Hiroshi Kikuta1, Mary Laplante, Pavla Navratilova, Anna Z Komisarczuk, Pär G Engström, David Fredman, Altuna Akalin, Mario Caccamo, Ian Sealy, Kerstin Howe, Julien Ghislain, Guillaume Pezeron, Philippe Mourrain, Staale Ellingsen, Andrew C Oates, Christine Thisse, Bernard Thisse, Isabelle Foucher, Birgit Adolf, Andrea Geling, Boris Lenhard, Thomas S Becker.   

Abstract

We report evidence for a mechanism for the maintenance of long-range conserved synteny across vertebrate genomes. We found the largest mammal-teleost conserved chromosomal segments to be spanned by highly conserved noncoding elements (HCNEs), their developmental regulatory target genes, and phylogenetically and functionally unrelated "bystander" genes. Bystander genes are not specifically under the control of the regulatory elements that drive the target genes and are expressed in patterns that are different from those of the target genes. Reporter insertions distal to zebrafish developmental regulatory genes pax6.1/2, rx3, id1, and fgf8 and miRNA genes mirn9-1 and mirn9-5 recapitulate the expression patterns of these genes even if located inside or beyond bystander genes, suggesting that the regulatory domain of a developmental regulatory gene can extend into and beyond adjacent transcriptional units. We termed these chromosomal segments genomic regulatory blocks (GRBs). After whole genome duplication in teleosts, GRBs, including HCNEs and target genes, were often maintained in both copies, while bystander genes were typically lost from one GRB, strongly suggesting that evolutionary pressure acts to keep the single-copy GRBs of higher vertebrates intact.

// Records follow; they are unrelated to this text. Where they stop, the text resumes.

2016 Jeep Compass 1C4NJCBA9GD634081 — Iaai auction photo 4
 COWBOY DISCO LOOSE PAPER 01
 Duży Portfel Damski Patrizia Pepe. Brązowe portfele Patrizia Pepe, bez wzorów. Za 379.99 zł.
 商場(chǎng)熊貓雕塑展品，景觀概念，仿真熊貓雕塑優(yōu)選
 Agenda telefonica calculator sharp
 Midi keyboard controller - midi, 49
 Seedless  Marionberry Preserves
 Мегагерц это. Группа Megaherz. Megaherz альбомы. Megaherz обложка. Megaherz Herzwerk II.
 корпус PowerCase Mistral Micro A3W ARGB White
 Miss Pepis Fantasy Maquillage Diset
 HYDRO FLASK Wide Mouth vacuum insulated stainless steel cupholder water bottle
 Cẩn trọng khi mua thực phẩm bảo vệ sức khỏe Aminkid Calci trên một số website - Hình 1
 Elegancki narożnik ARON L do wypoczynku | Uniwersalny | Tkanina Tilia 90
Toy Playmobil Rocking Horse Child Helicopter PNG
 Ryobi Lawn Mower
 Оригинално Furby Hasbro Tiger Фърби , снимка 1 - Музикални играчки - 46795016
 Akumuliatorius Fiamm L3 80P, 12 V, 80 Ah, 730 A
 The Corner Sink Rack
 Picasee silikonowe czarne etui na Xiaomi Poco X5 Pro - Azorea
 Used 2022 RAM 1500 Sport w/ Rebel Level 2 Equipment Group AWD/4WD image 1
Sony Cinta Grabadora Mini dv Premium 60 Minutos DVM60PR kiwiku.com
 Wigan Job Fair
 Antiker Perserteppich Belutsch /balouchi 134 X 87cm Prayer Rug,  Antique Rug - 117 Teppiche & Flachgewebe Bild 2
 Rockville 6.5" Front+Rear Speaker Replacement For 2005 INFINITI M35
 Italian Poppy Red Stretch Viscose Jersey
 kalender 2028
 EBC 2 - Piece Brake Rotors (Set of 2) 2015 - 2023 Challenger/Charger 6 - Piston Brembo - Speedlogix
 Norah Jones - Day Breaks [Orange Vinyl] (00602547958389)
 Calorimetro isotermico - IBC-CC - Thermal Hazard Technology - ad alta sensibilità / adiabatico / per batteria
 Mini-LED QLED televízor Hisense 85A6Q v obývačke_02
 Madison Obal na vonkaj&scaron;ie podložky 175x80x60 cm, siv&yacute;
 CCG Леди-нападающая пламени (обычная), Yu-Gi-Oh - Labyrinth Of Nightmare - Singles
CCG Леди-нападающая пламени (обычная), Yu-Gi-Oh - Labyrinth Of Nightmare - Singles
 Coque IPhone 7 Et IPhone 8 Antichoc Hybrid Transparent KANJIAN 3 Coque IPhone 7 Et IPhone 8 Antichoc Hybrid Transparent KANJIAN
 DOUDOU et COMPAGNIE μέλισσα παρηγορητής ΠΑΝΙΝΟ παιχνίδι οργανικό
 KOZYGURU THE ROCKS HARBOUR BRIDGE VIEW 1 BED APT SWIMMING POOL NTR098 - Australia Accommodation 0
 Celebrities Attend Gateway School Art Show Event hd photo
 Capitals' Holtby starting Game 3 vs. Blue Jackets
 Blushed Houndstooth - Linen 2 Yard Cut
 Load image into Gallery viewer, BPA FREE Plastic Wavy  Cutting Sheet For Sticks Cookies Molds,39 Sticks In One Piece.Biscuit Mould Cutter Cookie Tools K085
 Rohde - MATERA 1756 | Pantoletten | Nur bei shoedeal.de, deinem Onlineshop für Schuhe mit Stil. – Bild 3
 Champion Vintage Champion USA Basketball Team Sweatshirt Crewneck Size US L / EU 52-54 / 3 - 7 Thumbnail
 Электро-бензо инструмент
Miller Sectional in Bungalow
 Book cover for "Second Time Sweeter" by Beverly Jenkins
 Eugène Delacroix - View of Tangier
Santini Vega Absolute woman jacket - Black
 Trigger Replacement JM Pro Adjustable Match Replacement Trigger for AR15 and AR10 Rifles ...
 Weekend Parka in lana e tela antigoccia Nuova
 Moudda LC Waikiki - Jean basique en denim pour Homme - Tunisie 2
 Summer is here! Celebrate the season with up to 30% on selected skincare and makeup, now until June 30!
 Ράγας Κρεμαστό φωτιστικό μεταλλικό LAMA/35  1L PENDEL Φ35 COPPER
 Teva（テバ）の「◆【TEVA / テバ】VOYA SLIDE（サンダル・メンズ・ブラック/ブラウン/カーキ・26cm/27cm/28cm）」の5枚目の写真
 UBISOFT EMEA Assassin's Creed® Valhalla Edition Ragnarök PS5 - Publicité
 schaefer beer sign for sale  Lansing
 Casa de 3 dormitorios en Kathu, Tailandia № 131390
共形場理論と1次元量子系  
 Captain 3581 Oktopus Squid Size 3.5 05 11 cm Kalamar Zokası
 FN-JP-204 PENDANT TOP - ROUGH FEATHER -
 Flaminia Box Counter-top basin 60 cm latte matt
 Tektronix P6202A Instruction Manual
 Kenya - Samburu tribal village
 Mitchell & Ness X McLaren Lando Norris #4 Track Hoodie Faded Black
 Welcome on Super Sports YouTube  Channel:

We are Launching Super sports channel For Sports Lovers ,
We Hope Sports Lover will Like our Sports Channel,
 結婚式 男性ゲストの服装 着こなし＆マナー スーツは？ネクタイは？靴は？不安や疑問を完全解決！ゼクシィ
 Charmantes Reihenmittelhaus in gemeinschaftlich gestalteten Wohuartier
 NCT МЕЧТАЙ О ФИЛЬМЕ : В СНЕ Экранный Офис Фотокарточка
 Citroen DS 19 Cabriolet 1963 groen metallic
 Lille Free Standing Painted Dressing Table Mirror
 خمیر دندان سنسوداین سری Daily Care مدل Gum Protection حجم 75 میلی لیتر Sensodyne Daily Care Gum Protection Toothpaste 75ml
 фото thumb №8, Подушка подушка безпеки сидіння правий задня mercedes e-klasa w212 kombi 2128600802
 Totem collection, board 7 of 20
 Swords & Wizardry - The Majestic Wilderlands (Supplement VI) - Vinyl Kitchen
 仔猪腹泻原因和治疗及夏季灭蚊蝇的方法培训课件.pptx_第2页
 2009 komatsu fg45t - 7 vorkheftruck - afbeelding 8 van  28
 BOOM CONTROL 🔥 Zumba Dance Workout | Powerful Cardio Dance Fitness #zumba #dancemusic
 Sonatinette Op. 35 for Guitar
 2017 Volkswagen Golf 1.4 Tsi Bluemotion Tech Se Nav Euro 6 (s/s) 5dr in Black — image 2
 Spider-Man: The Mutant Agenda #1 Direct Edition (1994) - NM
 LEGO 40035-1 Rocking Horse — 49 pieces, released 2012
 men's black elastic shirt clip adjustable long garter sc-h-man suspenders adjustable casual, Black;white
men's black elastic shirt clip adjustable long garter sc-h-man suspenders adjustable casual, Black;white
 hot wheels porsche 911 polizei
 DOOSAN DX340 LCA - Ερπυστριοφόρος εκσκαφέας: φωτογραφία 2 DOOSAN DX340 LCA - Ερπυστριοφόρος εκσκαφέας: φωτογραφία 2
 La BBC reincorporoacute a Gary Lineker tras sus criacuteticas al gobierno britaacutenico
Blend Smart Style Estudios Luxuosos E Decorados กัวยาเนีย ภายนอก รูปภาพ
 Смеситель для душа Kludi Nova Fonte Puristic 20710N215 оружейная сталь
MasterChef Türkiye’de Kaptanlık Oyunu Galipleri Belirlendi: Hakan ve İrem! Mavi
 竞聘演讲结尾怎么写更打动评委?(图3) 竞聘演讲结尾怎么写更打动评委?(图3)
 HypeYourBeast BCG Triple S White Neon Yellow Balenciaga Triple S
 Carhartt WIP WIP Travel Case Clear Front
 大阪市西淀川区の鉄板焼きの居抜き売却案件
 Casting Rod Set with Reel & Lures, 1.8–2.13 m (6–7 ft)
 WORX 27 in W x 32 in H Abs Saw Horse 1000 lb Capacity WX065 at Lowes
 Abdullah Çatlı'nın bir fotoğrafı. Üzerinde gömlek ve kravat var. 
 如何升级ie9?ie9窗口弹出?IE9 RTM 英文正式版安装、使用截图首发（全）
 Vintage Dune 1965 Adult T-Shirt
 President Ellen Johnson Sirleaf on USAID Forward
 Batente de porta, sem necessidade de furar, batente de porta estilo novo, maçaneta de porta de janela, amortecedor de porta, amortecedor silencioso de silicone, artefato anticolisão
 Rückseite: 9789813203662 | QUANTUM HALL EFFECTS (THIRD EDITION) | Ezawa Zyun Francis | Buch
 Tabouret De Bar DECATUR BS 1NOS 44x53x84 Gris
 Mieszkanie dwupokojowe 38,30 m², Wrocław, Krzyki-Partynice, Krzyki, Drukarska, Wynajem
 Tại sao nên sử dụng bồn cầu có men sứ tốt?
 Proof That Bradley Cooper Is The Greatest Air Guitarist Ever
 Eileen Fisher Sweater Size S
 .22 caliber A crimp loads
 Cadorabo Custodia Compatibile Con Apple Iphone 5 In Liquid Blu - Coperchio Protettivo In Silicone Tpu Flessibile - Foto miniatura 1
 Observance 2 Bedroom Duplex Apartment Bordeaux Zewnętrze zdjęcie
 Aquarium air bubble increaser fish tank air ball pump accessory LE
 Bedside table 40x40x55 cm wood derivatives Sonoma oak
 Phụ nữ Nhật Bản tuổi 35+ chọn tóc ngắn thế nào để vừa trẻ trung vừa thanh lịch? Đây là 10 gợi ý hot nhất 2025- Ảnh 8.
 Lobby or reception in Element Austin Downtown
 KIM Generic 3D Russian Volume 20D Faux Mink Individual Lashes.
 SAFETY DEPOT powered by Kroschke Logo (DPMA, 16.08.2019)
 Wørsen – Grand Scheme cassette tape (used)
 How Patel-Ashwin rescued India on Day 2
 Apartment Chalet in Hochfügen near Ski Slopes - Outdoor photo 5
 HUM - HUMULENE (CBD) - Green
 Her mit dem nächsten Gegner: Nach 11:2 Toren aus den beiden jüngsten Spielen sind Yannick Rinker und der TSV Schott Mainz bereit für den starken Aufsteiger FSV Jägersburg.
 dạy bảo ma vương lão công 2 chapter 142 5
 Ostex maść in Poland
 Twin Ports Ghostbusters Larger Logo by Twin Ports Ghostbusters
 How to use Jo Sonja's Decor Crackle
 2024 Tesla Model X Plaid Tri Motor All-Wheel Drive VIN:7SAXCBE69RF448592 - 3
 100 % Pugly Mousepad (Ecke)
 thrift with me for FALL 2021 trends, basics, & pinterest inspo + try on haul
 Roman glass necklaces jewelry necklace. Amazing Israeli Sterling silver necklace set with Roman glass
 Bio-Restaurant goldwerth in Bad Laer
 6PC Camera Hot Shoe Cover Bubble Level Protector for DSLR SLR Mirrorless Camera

We show that loss of bystander genes and other mutational events suffered by duplicated GRBs in teleost genomes permits target gene identification and HCNE/target gene assignment. These findings explain the absence of evolutionary breakpoints from large vertebrate chromosomal segments and will aid in the recognition of position effect mutations within human GRBs.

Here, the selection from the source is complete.